Scraped caption text data
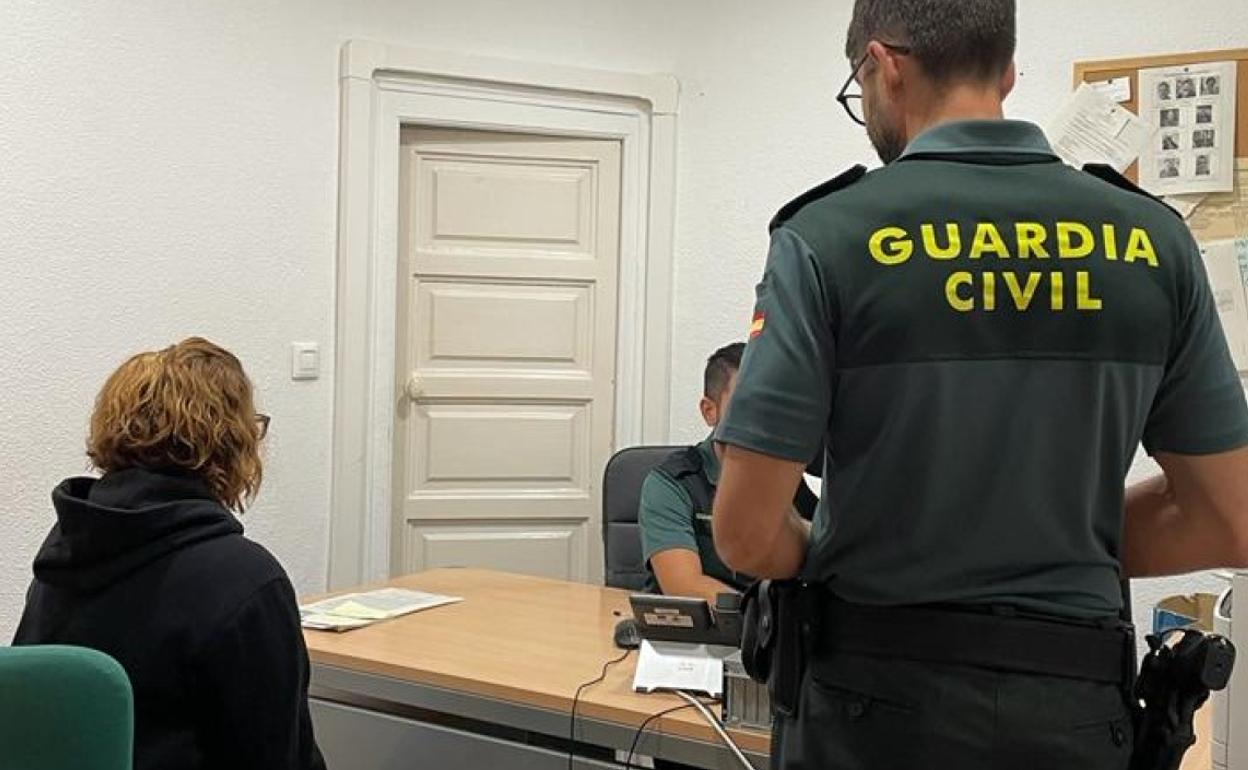 Agentes de la Guardia Civil asisten a una víctima en la Comandancia de Valencia. 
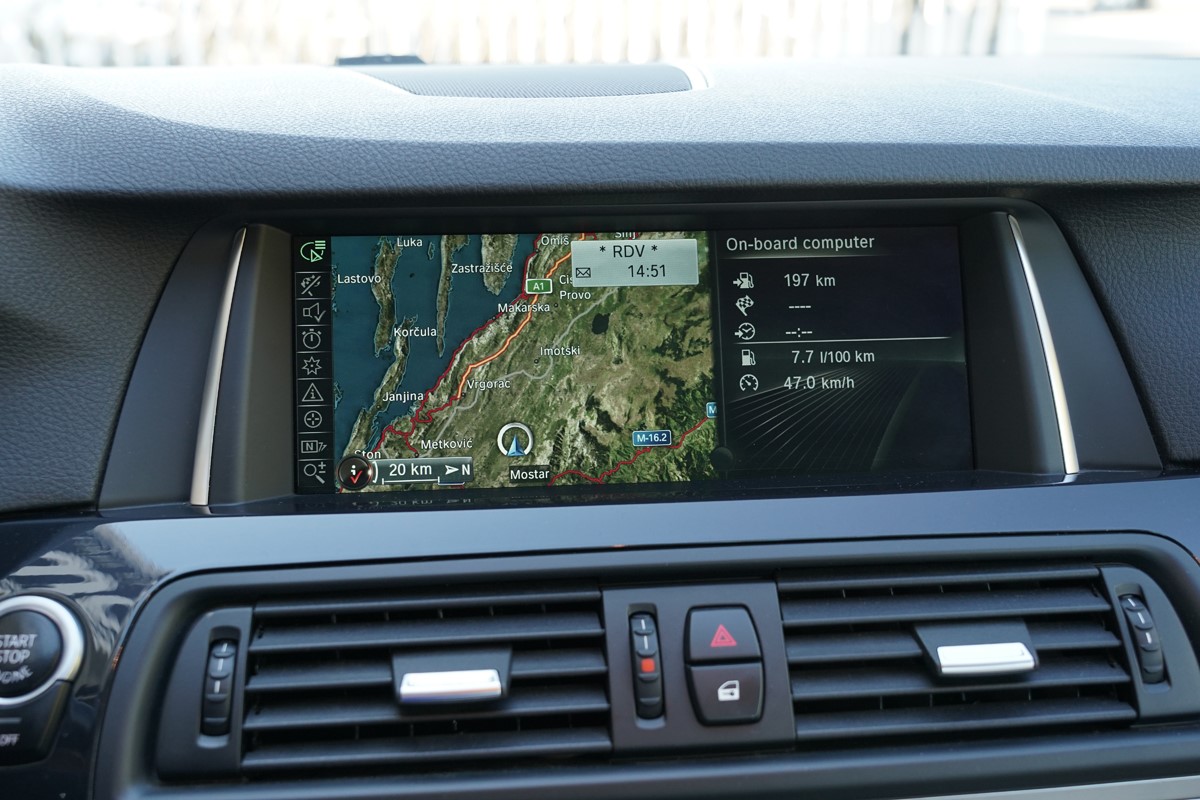 BMW
 5-Series 525 D XDRIVE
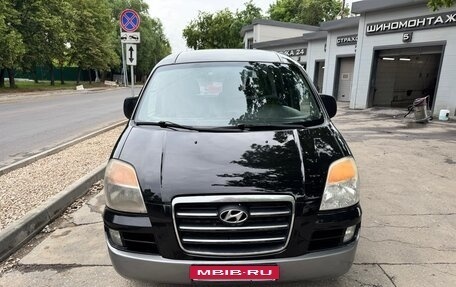 Hyundai Starex I рестайлинг, 2006 год, 680 000 рублей, 2 фотография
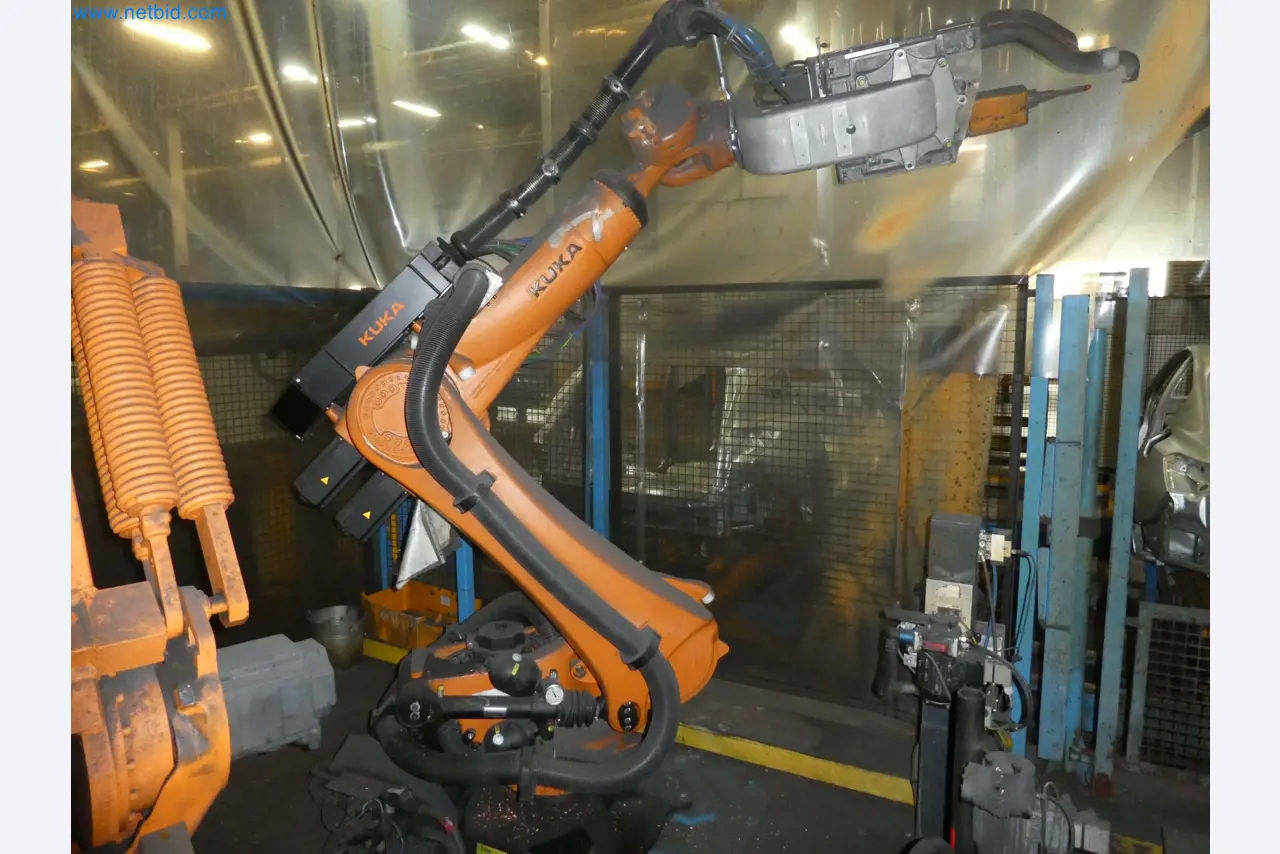 Robots, welding equipment and assembly accessories from the automotive industry-34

What is required: Every line above should be reproduced exactly, please, with no pictures included.

Problem solution:
 Agentes de la Guardia Civil asisten a una víctima en la Comandancia de Valencia. 
 BMW
 5-Series 525 D XDRIVE
 Hyundai Starex I рестайлинг, 2006 год, 680 000 рублей, 2 фотография
 Robots, welding equipment and assembly accessories from the automotive industry-34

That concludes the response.